August 14, 2006 | Philippine Daily Inquirer
Too many trade pacts seen driving up costs
Study: Apec members need to harmonize provisions
By Ronnel Domingo
THE PROLIFERATION of regional and bilateral free trade agreements in the Asia-Pacific, coupled with the failure of global trade talks, is driving up transaction costs for business despite the decrease in tariffs.
A study being done by a research center based in the University of Southern California shows that there is a need for member economies of the Asia-Pacific Economic Cooperation to harmonize trade provisions amid the clutter of FTAs.
Peter R. Giulioni Jr., executive director of the Fred V. Kennan MBA Career Source Center at the USC’s Marshall School of Business, on Saturday said the significant divergence among the wide array of FTAs could be making business operations more complex, while increasing costs.
Giulioni was presenting to the Apec Business Advisory Council (ABAC) the first phase of a comparative analysis of FTAs in the region, which he said would produce a catalog that business could use as a tool in "navigating" the so-named "noodle bowl" of trade pacts.
ABAC, government officials and up to three business leaders from each Apec member-nation are represented in a meeting held in Cebu over the weekend.

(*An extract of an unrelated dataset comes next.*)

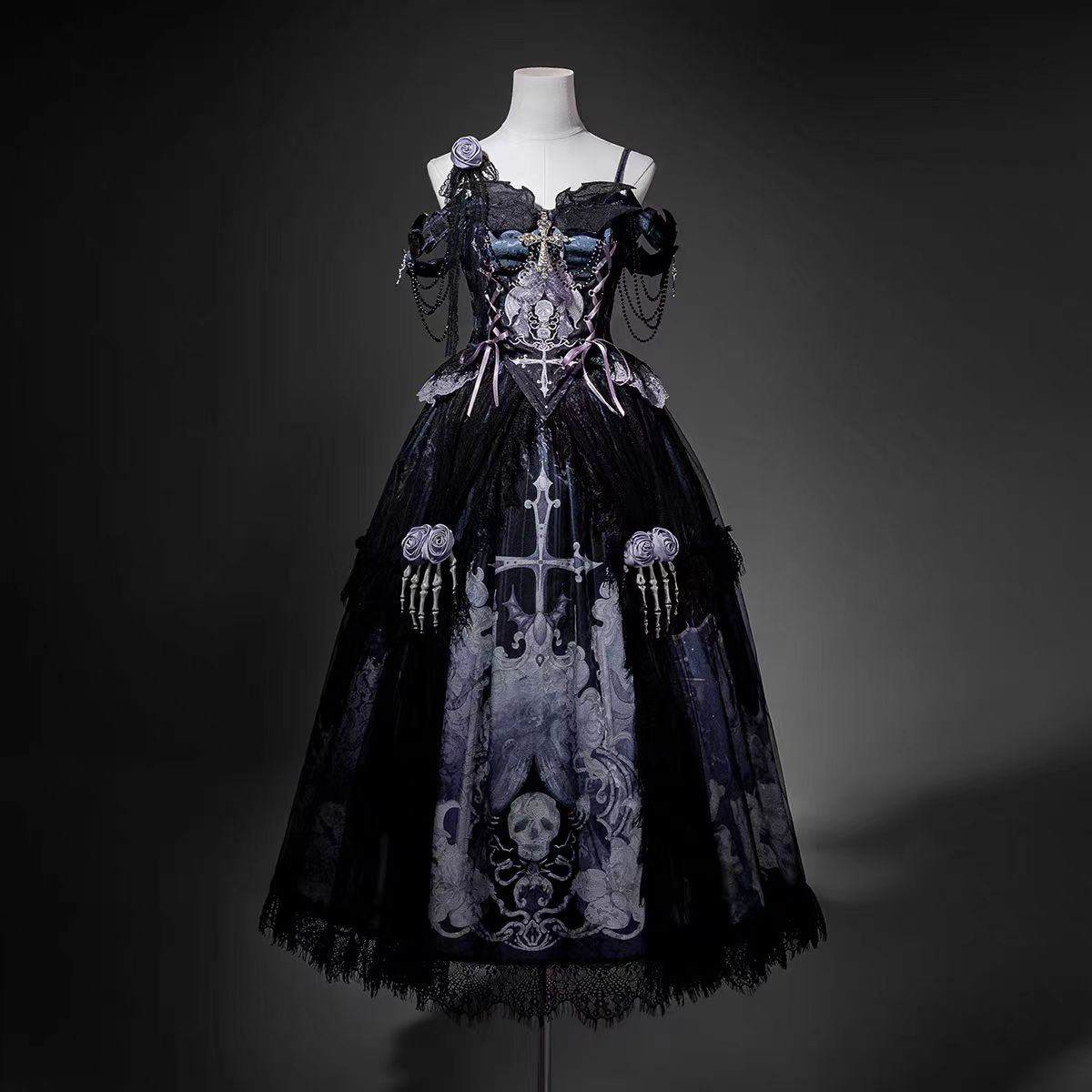 Gothic Lolita Dark Skeleton Ghost Dress Elegant Top and Skirt Set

ABAC marked its third meeting for the year, in time for the 10th anniversary of its establishment.
The academic explained that among the 21 Apec member economies, there were 21 existing FTAs and at least 17 more pending.
"(The catalog is also hoped to) help trade negotiators and researchers who are engaged in developing new FTAs," Giulioni said.
The Apec count among its members Australia, Brunei, Canada, Chile, China, Hong Kong, Indonesia, Japan, South Korea, Malaysia, Mexico, New Zealand, Papua New Guinea, Peru, Philippines, Russia, Singapore, Taiwan, Thailand, United States and Vietnam.
The Philippines is engaged in developing the Asean (Association of Southeast Asian Nations) FTA, a comprehensive economic pact, with China, and a trade in goods pact with South Korea.
The country is also involved in ongoing talks to conclude possible Asean pacts with India, the European Union and Australia.
Other findings of the USC study showed that at least 70 percent of FTAs among Apec members contained provisions that were consistent with, or even better than, the rules of the World Trade Organization.
The provisions include lower tariff commitments across the board.
Also, non-tariff provisions in these FTAs meet, or go beyond, WTO standards.
But Giulioni said such efforts to improve on WTO requirements have led to "significant divergence ... which may be increasing complexity and imposing substantial transaction costs on businesses."
He said the most important example was the wide array of rules of origin (ROO) provisions that spell out which merchandise are considered made in the FTA parties and are thus covered under tariff reduction agreements.
Giulioni said efforts to remedy the negative effects of FTAs should focus on creating a harmonized system of trade, especially one that addresses the many different ROOs.
Also in the same forum, Victor Fung, chair of the Hong Kong-based Li & Fung Group, said the multilateral approach to trade, such as that espoused in the WTO, was the only way to ensure continued health among firms and to promote global prosperity.
Li & Fung operates in about 40 economies and is focused on supply chain management, as well as export trading, retailing and distribution.
Fung said that because future trade lies with internationally dispersed manufacturing processes and increasing complex trade flows, multilateralism would matter even more.
He said bilateral agreements have "very troublesome consequences" because they distort the flows, throws up barriers, creates fiction, reduces flexibility, raises prices and hinders the ability of companies to get new countries involved in the global production system.
"This is because, with ROOs, FTA parties are keen to limit the geographic scope of where the products originate," Fung said.
He said that, in contrast, firms can pick out the best location for, and the best contractors in, a certain stage of production, which could be anywhere in the world, involving as many suppliers as possible.